Question

11.7 A \(15-\mathrm{kg}\) child sits on a playground seesaw, \(2.0 \mathrm{~m}\) from the pivot. A second child located \(1.0 \mathrm{~m}\) on the other side of the pivot would have to have a mass of _________ to lift the first child off the ground. a) greater than \(30 \mathrm{~kg} \quad\) c) equal to \(30 \mathrm{~kg}\) b) less than \(30 \mathrm{~kg}\)

Short answer

Answer: The mass of the second child required to lift the first child off the ground is 30 kg.

Step-by-step solution

Identifying the given variables

The given variables in this problem are: 1. Mass of first child = \(15~kg\) 2. Distance of the first child from the pivot = \(2.0~m\) 3. Distance of the second child from the pivot = \(1.0~m\) Our goal is to find the mass of the second child so that the first child is lifted off the ground.

Balancing the Torque

In order to balance the torque, we follow the equation: \(τ_1 = τ_2\) where \(τ_1\) is the torque created by the first child and \(τ_2\) is the torque created by the second child. Torque can be calculated as: \(τ = (force) * (distance~to~pivot)\) Force is the product of mass and gravitational acceleration, \(F = mg\). Therefore, \(τ = (mg) * (distance~to~pivot)\)

Applying the Torque equation

Now, we need to balance the torque created by both children: \((m_1g)d_1 = (m_2g)d_2\) Where \(m_1 = 15~kg\), \(d_1 = 2.0~m\), \(d_2 = 1.0~m\) and we need to find \(m_2\). Gravitational acceleration \(g\) will be the same for both children and cancels out when equating torques. \((15~kg)(2.0~m) = (m_2)(1.0~m)\)

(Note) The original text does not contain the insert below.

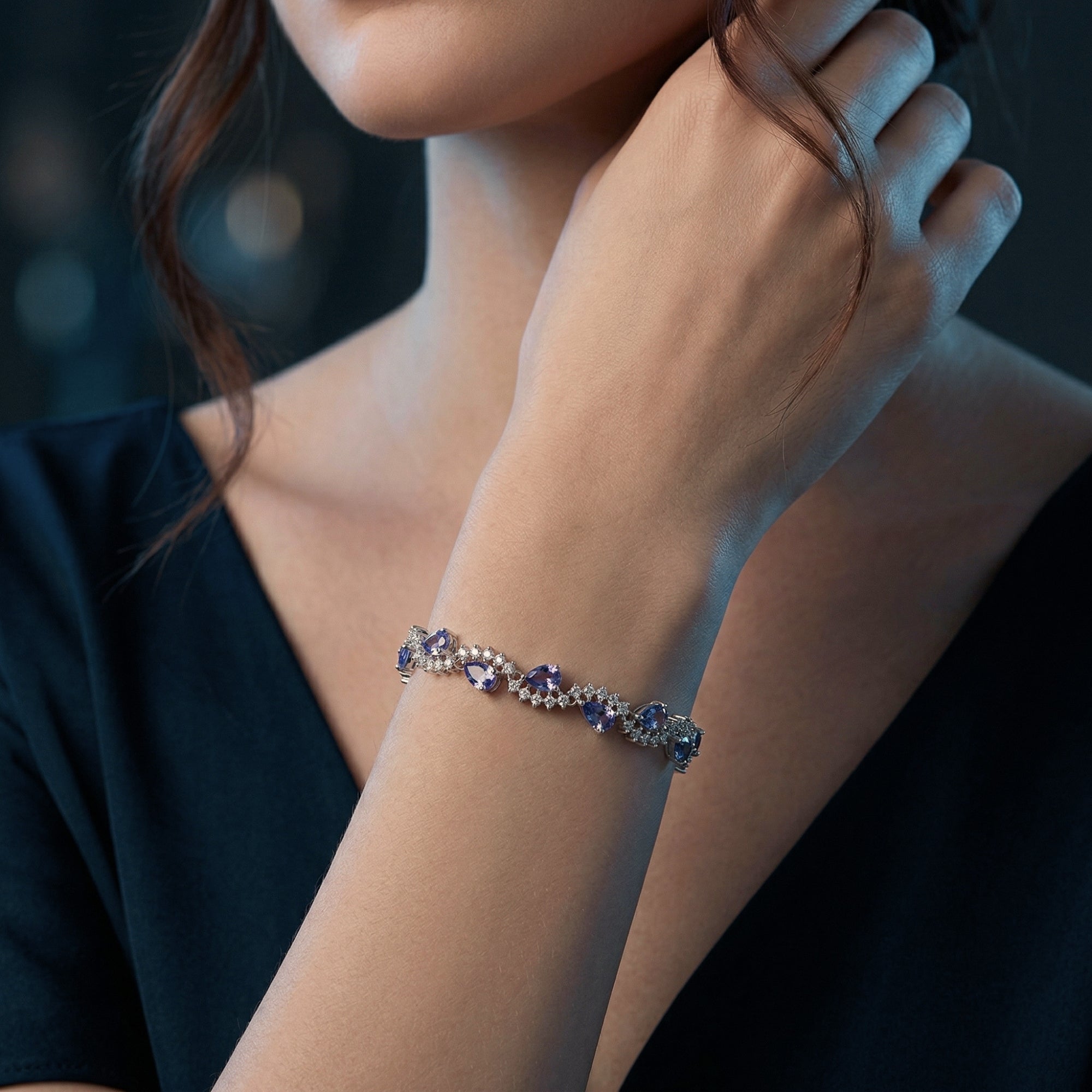A woman wearing the pear cut tanzanite and silver tennis bracelet on her wrist.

Solve for the mass of the second child

To find the mass of the second child, we can rearrange the equation: \(m_2 = \frac{(15~kg)(2.0~m)}{1.0~m}\) \(m_2 = 30~kg\) The mass of the second child required to lift the first child off the ground is equal to \(30~kg\). So, the correct answer is c) equal to \(30~kg\).

Key concepts

Seesaw balancing

Seesaws are a fantastic way to learn about balance and physics in a fun, real-world setting. A seesaw is a long, plank-like object that rests on a central point called a pivot or fulcrum. When you place different weights at varying distances from the pivot, you can achieve balance, or seesaw equilibrium. Imagine two children of different weights sitting on opposite sides of a seesaw: to balance it, their distances from the pivot must be adjusted according to their weights. This principle is what makes seesaw physics intriguing and educational. By understanding and applying the concept of balance, you can predict how changes in weight and distance affect the overall equilibrium of the seesaw.

Rotational equilibrium

Rotational equilibrium is a key concept in physics that describes an object that is balanced so that it does not rotate around its axis. For a seesaw to be in rotational equilibrium, the torques on either side of the pivot must be equal. Torque is the rotational equivalent of force and is calculated by multiplying the force applied by the distance from the pivot: \[\tau = F \times \text{distance to pivot}\]In the seesaw problem, each child generates torque based on their weight and distance from the pivot. To achieve equilibrium, the torques they create must be equal. If one side has more torque, the seesaw will tip towards that side. Understanding rotational equilibrium allows us to solve problems relating to balance and stability effectively.

Physics problem-solving

Physics problems often require a step-by-step approach to break down concepts into manageable parts, especially with topics like balance and torque. In solving the seesaw balance problem, we start by identifying known values like the mass of the children and their distances from the pivot. We then apply important formulas, such as the torque equation, to understand how various factors affect balance. Using the equation \((m_1g)d_1 = (m_2g)d_2\),we can determine the necessary mass of the second child by ensuring both torques are equal, simplifying the problem to an algebraic expression. Lastly, always check the solution to ensure it makes sense within the physical context of the problem, like assessing if the calculated mass is reasonable.

Child mass calculation

Calculating the mass needed for balance on a seesaw is a valuable example of applying physics in real life. To balance a seesaw where one child weighs 15 kg and sits 2 meters from the pivot, the second child’s mass can be found using the torque equilibrium equation: \[m_2 = \frac{(m_1 \times d_1)}{d_2}\]Substitute the given values: \((15\, \text{kg}) \times (2\, \text{m}) = m_2 \times (1\, \text{m})\)So, \[m_2 = \frac{30}{1} = 30\, \text{kg}\]This calculation shows that the second child must weigh 30 kg to achieve balance, showcasing how theoretical physics concepts are used to solve practical problems. Knowing how to manipulate and solve using formulas helps demystify real-world applications like seesaw mechanics.